The whole listing, pictures aside, should be reproduced exactly.
── Data to process ──
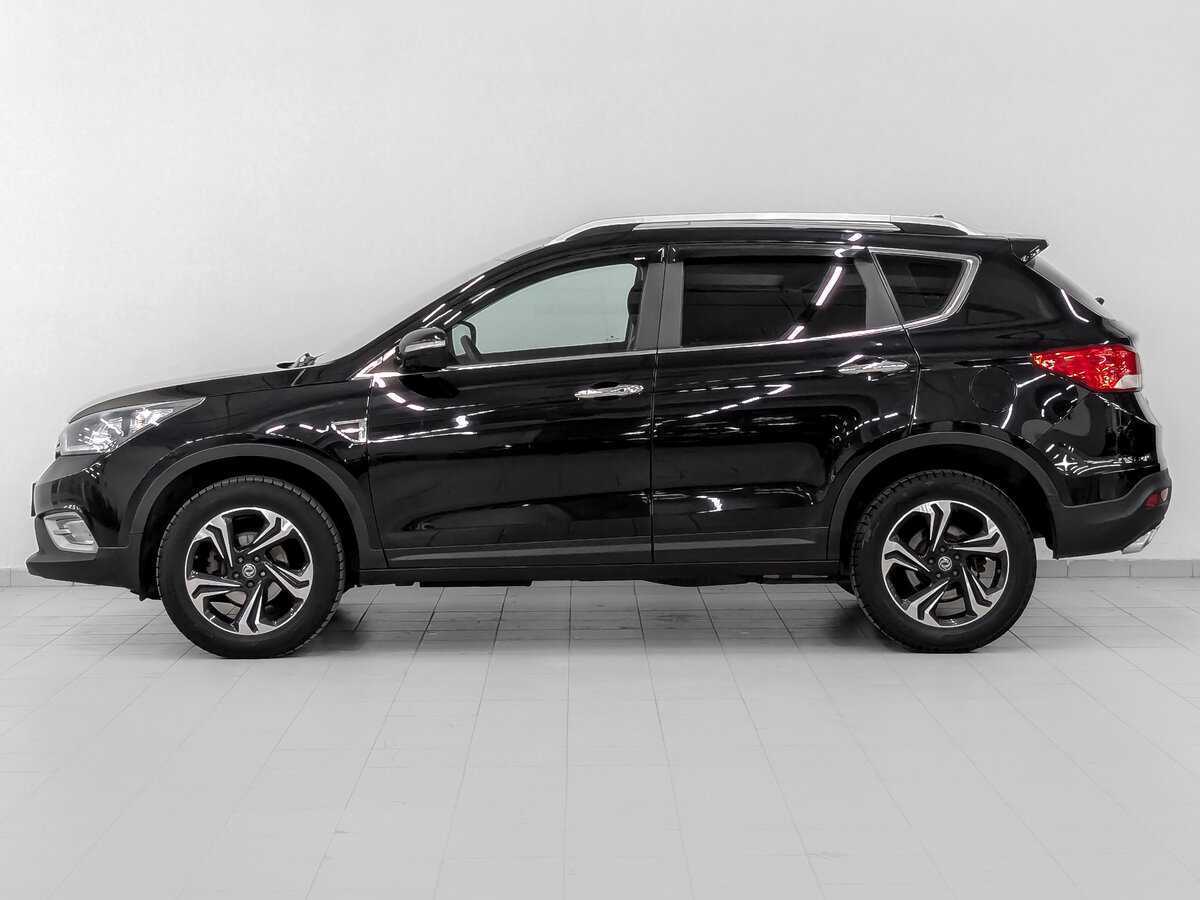 Дунфэн АИКС7 б/у, 2019, Автоматическая. Фото: #7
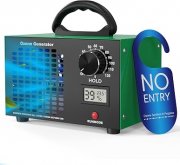 Ozongenerator 120.000 mg/h f&uuml;r nur 49,79&euro; bei Amazon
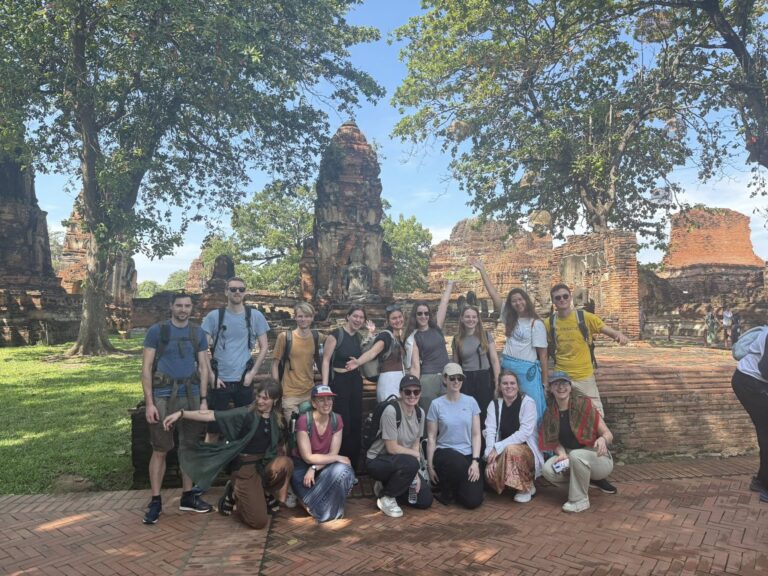 Groepsreis Thailand - rondreis Thailand - WeAdventures Thailand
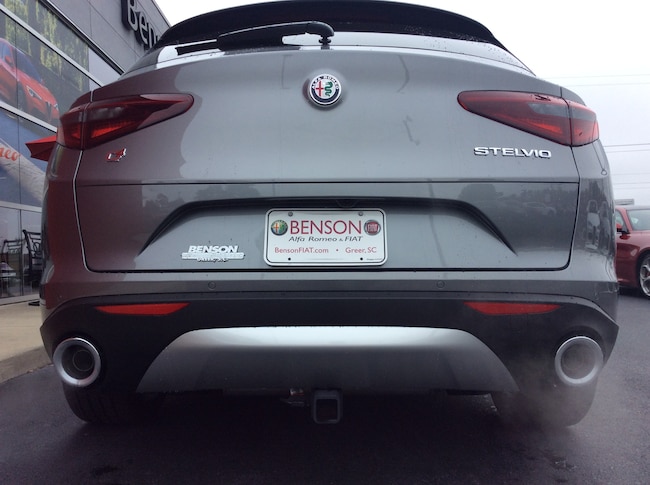 New 2019 Alfa Romeo Stelvio For Sale Lease Greer Sc Vin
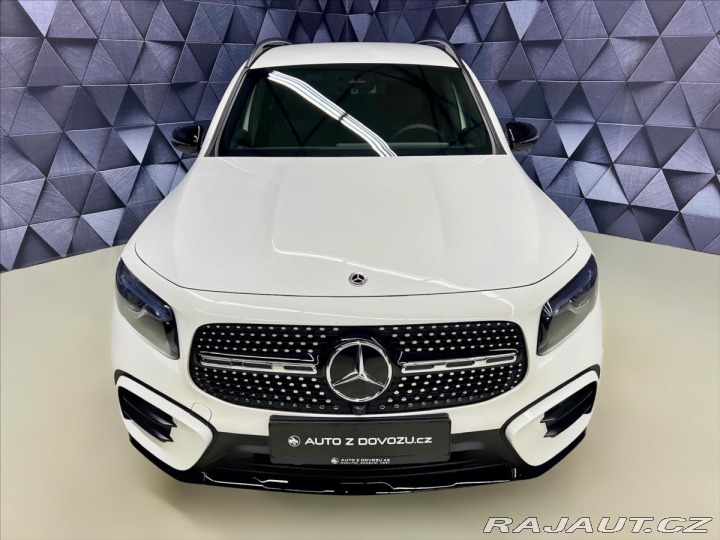 Mercedes-Benz GLB 200d 4MATIC AMG, WEBASTO, 2025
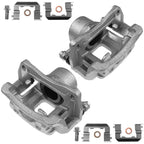 2X Disc Brake Caliper with Bracket for Hyundai Santa Fe (2010-2012)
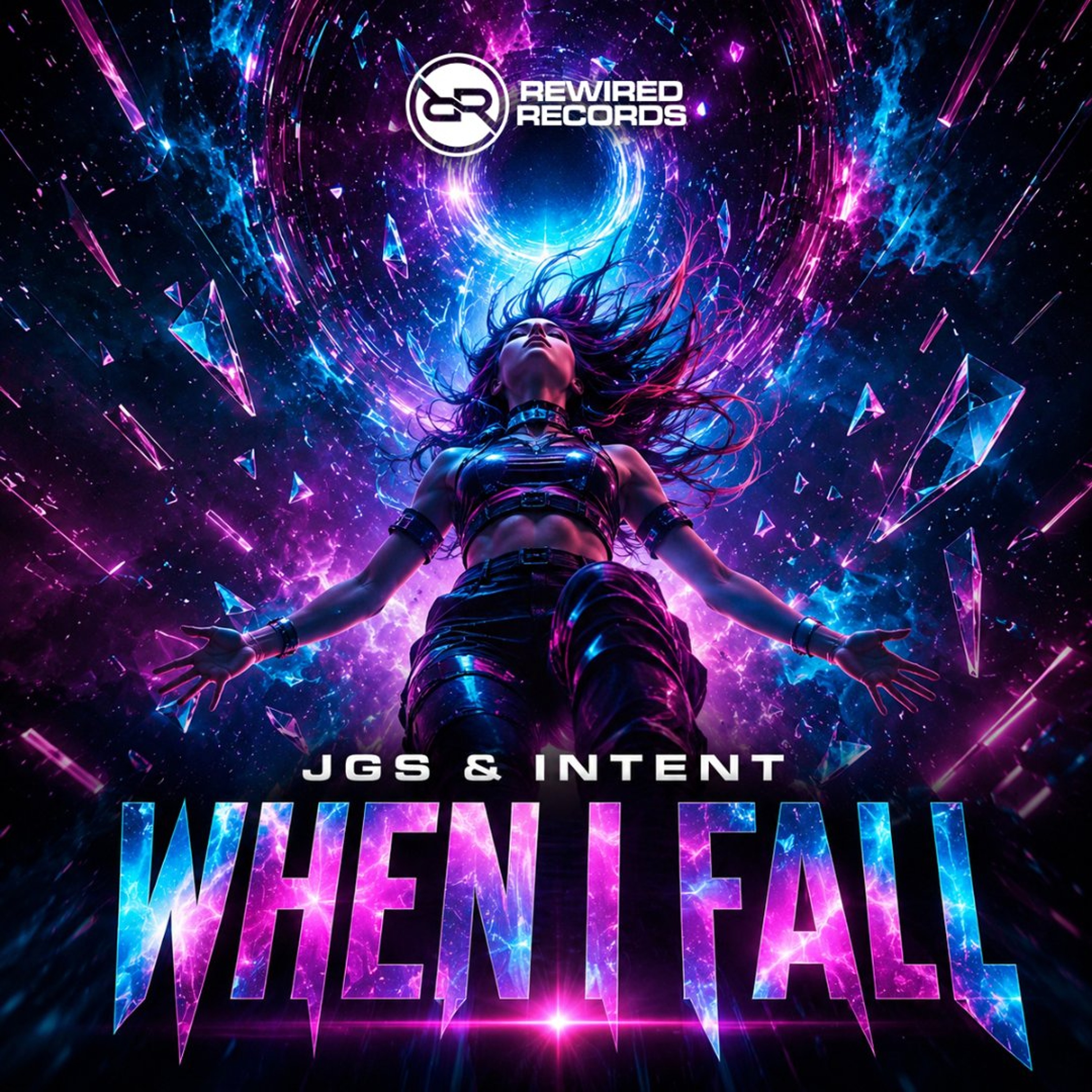JGS & INTENT - When I Fall episode artwork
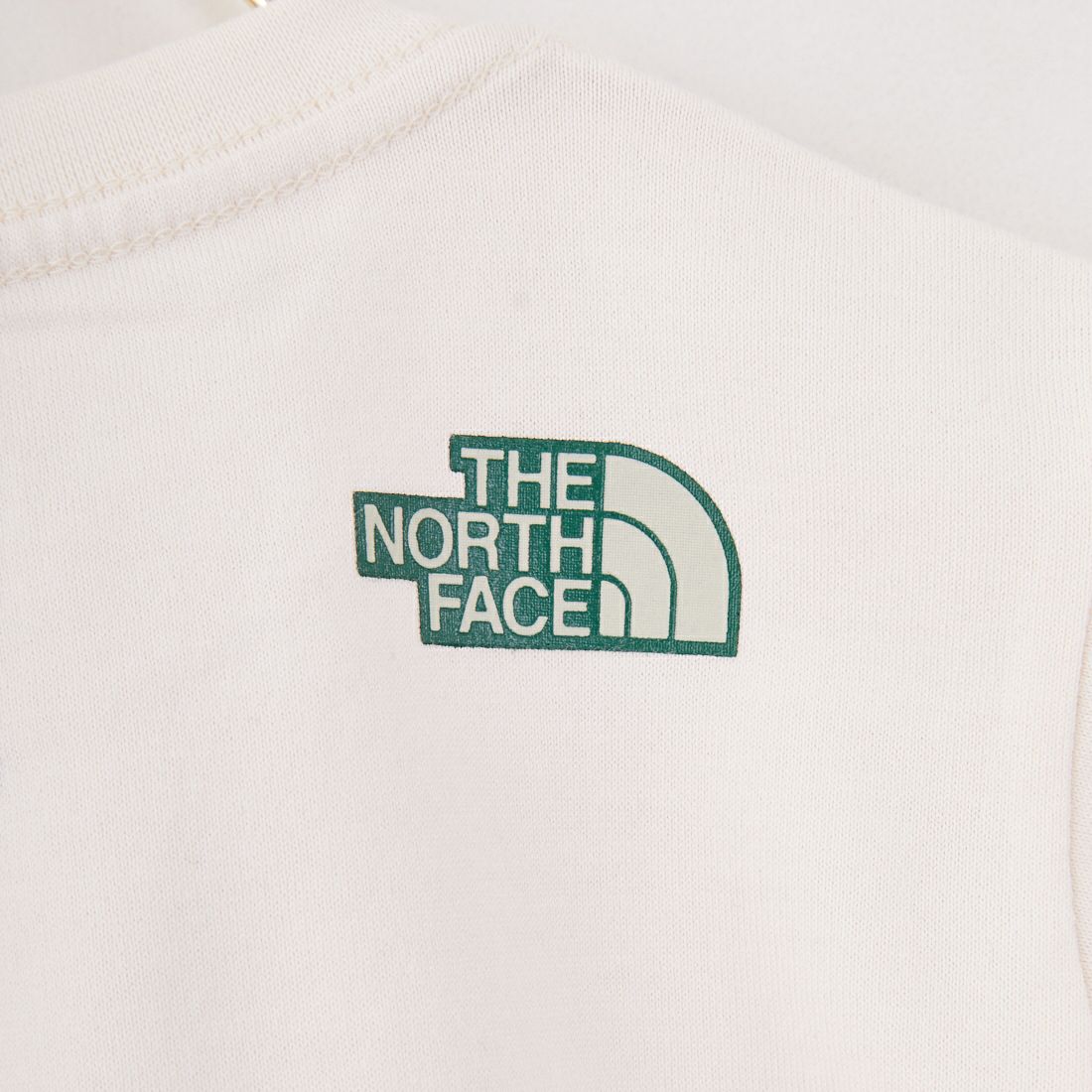 THE NORTH FACE [ザ ノースフェイス] ベビー ショートスリーブルミナスグラフィックTシャツ [NTB32561] WD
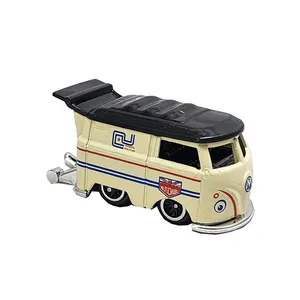 ماشین بازی ناب سل مدل فلزی kool kombi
───
▸ **Answer space**:
 Дунфэн АИКС7 б/у, 2019, Автоматическая. Фото: #7
 Ozongenerator 120.000 mg/h f&uuml;r nur 49,79&euro; bei Amazon
 Groepsreis Thailand - rondreis Thailand - WeAdventures Thailand
 New 2019 Alfa Romeo Stelvio For Sale Lease Greer Sc Vin
 Mercedes-Benz GLB 200d 4MATIC AMG, WEBASTO, 2025
 2X Disc Brake Caliper with Bracket for Hyundai Santa Fe (2010-2012)
JGS & INTENT - When I Fall episode artwork
 THE NORTH FACE [ザ ノースフェイス] ベビー ショートスリーブルミナスグラフィックTシャツ [NTB32561] WD
 ماشین بازی ناب سل مدل فلزی kool kombi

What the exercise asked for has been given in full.